Este secretário-geral que neste fim-de-semana será eleito, vai assumir funções num contexto desafiador e de resgate da confiança do povo e dos membros do partido que, por vários motivos, alguns já mencionei acima, sentem-se usados, isolados e humilhados pela nossa direcção. Está sessão tem tudo para ser histórica, como também o governo do presidente Chapo pretende fazer história, através da mudança, renovação e esperança na vida dos moçambicanos.

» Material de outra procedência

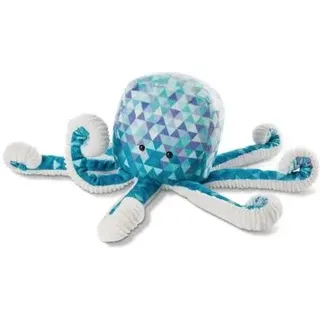 NICI 47436 Atlantic Friends Oktopus 18 cm sitzend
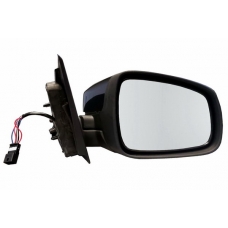 Зеркало боковое правое LADA Xray (15- ) электрорегулировка, обогрев, указатель поворота XR963-08201004L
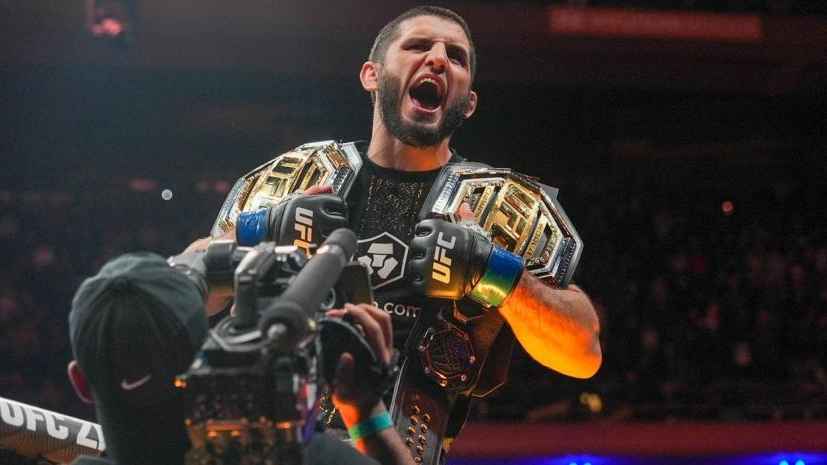 إسلام مخاتشيف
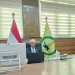 N.Sinai Governor joins online talks on smart projects 2 - Egyptian Gazette N.Sinai Governor joins online talks on smart projects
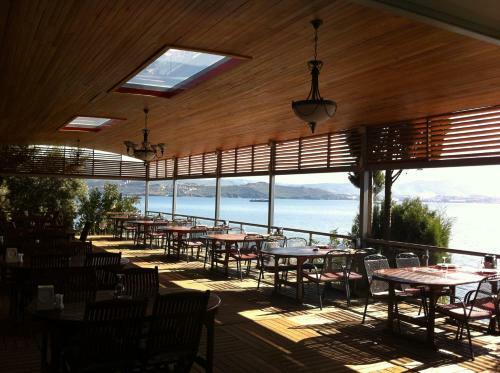 Hotel Atamer Doga Resort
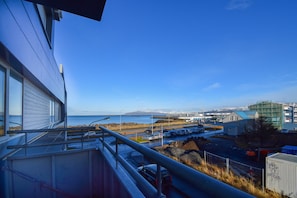 Comfort Apartment, 2 Bedrooms, Balcony (A15 - 143299) | Terrace/patio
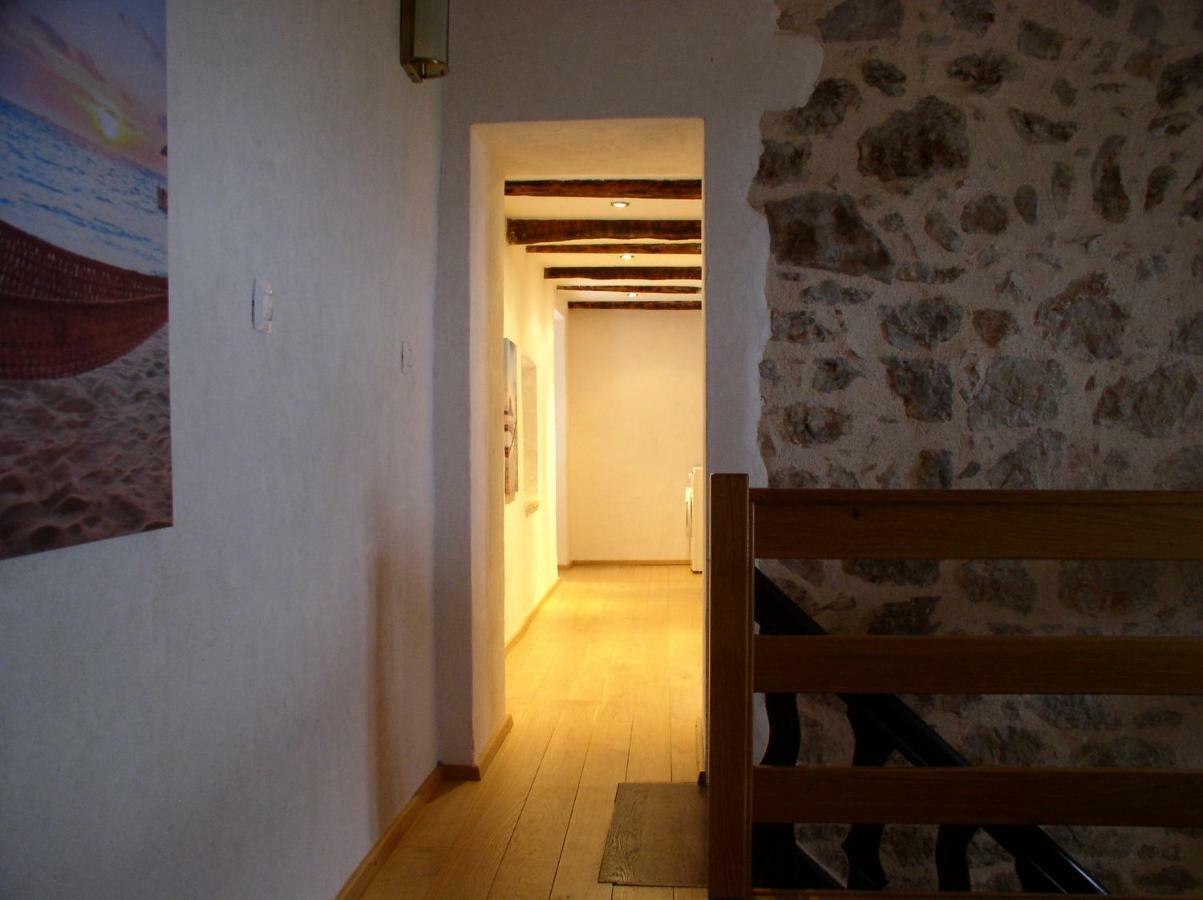 Villa Mali San Barusic Екстер'єр фото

E permita-me citar o Presidente da República, quando diz que “tudo aquilo que provoca divisionismo no seio dos membros do partido deve ser eliminado, como, por exemplo, a arrogância, o orgulho, a intolerância, a imposição de candidaturas e intimidação, o nepotismo, o lambe-botismo, o amiguismo, a familiaridade, o regionalismo, o tribalismo etc”.

Segundo as palavras do Presidente da República, o qual vai assumir a liderança máxima do nosso partido neste fim-de-semana: nesta nova era, todos devemos fazer diferente para ter resultados diferentes, o que passa, necessariamente, por valorizar os sacrifícios dos que têm contribuído para as vitórias do nosso partido.

Tem alguma recomendação para o Comité Central?

– Tratando-se duma sessão magna que se realiza num contexto que todos conhecemos, penso que o Comité Central deveria pautar-se por uma escolha responsável, em cumprimento de um dever Estatutário que consiste na imparcialidade, independência, transparência, idoneidade, maturidade valores, estes que sempre nortearam a FRELIMO.

E porque, a partir desta sessão, teremos um presidente do partido e ao mesmo tempo da República jovem, penso que o Comité Central deveria aproveitar esta ocasião para sugerir, igualmente, o rejuvenescimento e a reestruturação de todos os órgãos do partido para estar dentro das exigências e estratégias de resposta aos desafios do presente e do futuro.